I slip a second finger inside her, pumping in and out, desperate to push her over the edge as she’s done for me dozens of times now. The water around us isn’t nearly as calm as it was before, but that’s not the fault of the currents or the weather. Instead, it’s Emily’s efforts to keep up floating, less and less controlled with every kick of her legs. Still, she keeps me buoyed well above the surface.

“Give me more, pretty girl. Make me come.”
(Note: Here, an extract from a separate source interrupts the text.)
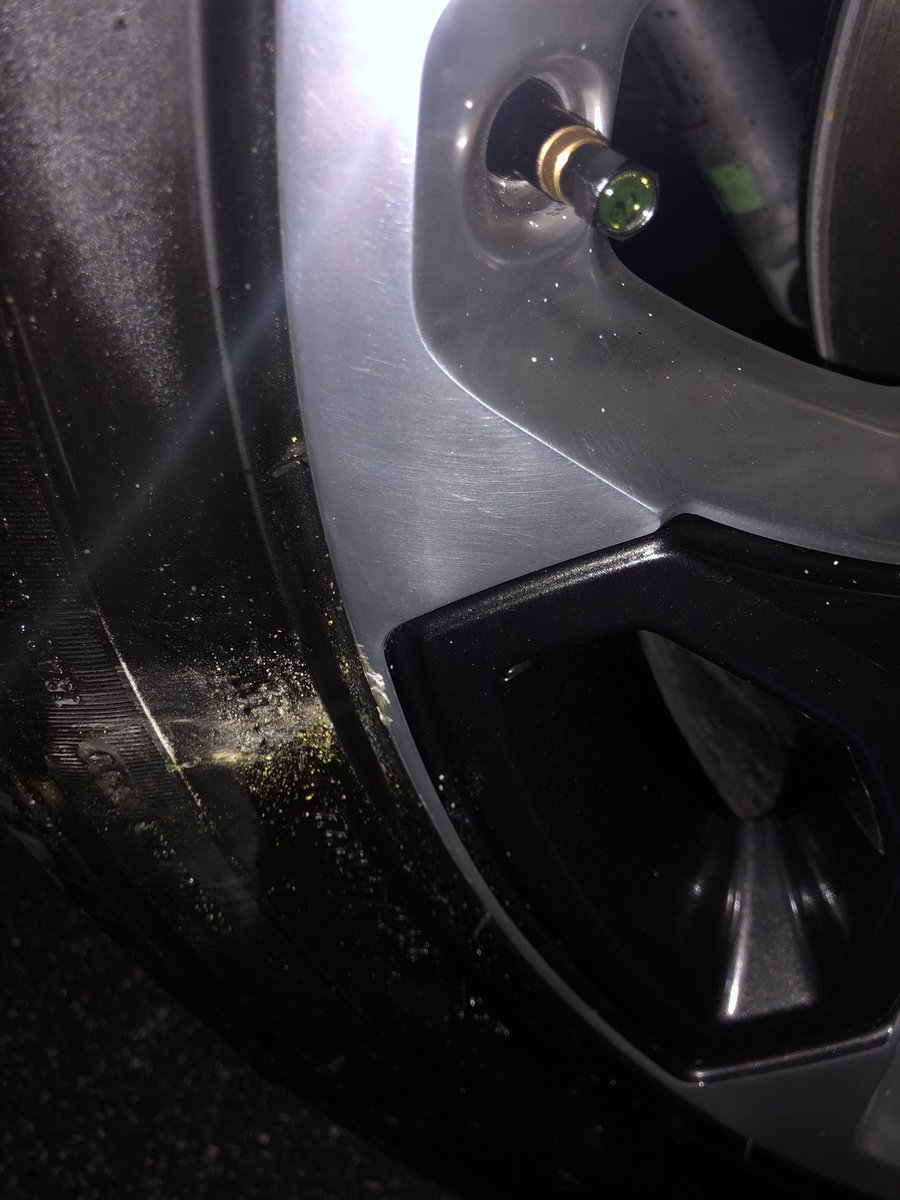 SincereSummer's tweet photo. This is wht my cousin has been delivered-limited 2019 1500. Nov 1 Truck damaged whn pulling off showroom, Nov 7 Go to pick up &amp; new damage. Delivered today w more new damage &amp; sales manager hangs up on him. Y’all can do better than that! @RamCares @RamTrucks @Dodge @psmith0323 https://t.co/ON93HiXvik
Her eyes are locked on mine as I pull away from her chest and fuck her with three fingers. Testing her strength, I leverage my grip on her shoulder to fuck into her as hard as I can. Her mouth drops open a little, bottom lip so red from biting into it that I almost lose all self control and kiss her. Her eyes flick tomy lips too, and it only takes a few more pumps into her pussy to feel her clench around me.

Her muscles flex around my hand, her whole body shuddering as she comes for me, because of me. A broken string of cries and curses in Spanish and a few other languages, if my memory serves me, come streaming from her as she keeps coming. Every cell of my body is on fire as I watch her come apart and stitch herself back together, seemingly forcing herself back down to earth so she can watch as I draw her pleasure out.

She takes in everything, her eyes with their blown out pupils surveying every inch of me. I can feel them on my skin from my lips to my shoulders, to where I’m still pumping my fingers inside her. Like she’s trying to capture every detail, creating an image she can keep in her mind forever.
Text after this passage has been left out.